Stable Interacting (2 + 1)d Conformal Field Theories at the Boundary of a class of (3 + 1)d Symmetry Protected Topological Phases

TL;DR

This paper investigates the boundary phases of 3D SPT states using a (2+1)d nonlinear sigma model with a WZW term, identifying a stable conformal fixed point through combined large-N, large-k, and epsilon-expansion methods.

Contribution

It introduces a novel approach combining large-N, large-k, and epsilon-expansion to locate stable fixed points in boundary theories of 3D SPT phases.

Findings

Identified a stable fixed point in the quantum disordered phase.

Demonstrated the effectiveness of combined large-N, large-k, and epsilon-expansion methods.

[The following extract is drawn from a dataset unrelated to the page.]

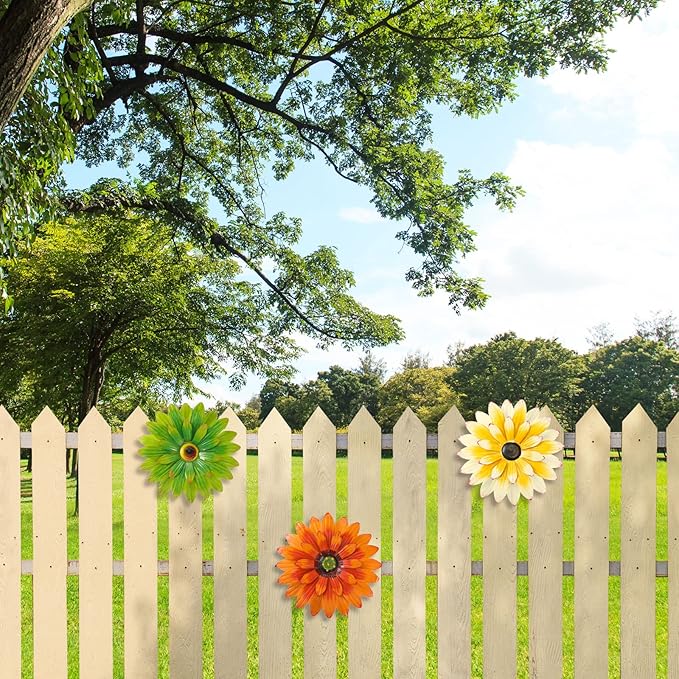 Hotop 3 Pcs Metal Flower Wall Art 3D Metal Daisy Wall Decor Multiple Layer Hanging Flower Rustic Farmhouse Boho Style Decorations for Indoor Outdoor Home Living Room Office Garden, 8 Inches(Classic)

Connected boundary conformal field theories to topological phases.

Abstract

Motivated by recent studies of symmetry protected topological (SPT) phases, we explore the possible gapless quantum disordered phases in the $(2+1)d$ nonlinear sigma model defined on the Grassmannian manifold $\frac{U(N)}{U(n)\times U(N - n)}$ with a Wess-Zumino-Witten (WZW) term at level $k$, which is the effective low energy field theory of the boundary of certain $(3+1)d$ SPT states. With $k = 0$, this model has a well-controlled large-$N$ limit, $i.e.$ its renormalization group equations can be computed exactly with large-$N$. However, with the WZW term, the large-$N$ and large-$k$ limit alone is not sufficient for a reliable study of the nature of the quantum disordered phase. We demonstrate that through a combined large-$N$, large-$k$ and $\epsilon-$generalization, a stable fixed point in the quantum disordered phase can be reliably located in the large$-N$ limit and leading order $\epsilon-$expansion, which corresponds to a $(2+1)d$ strongly interacting conformal field theory.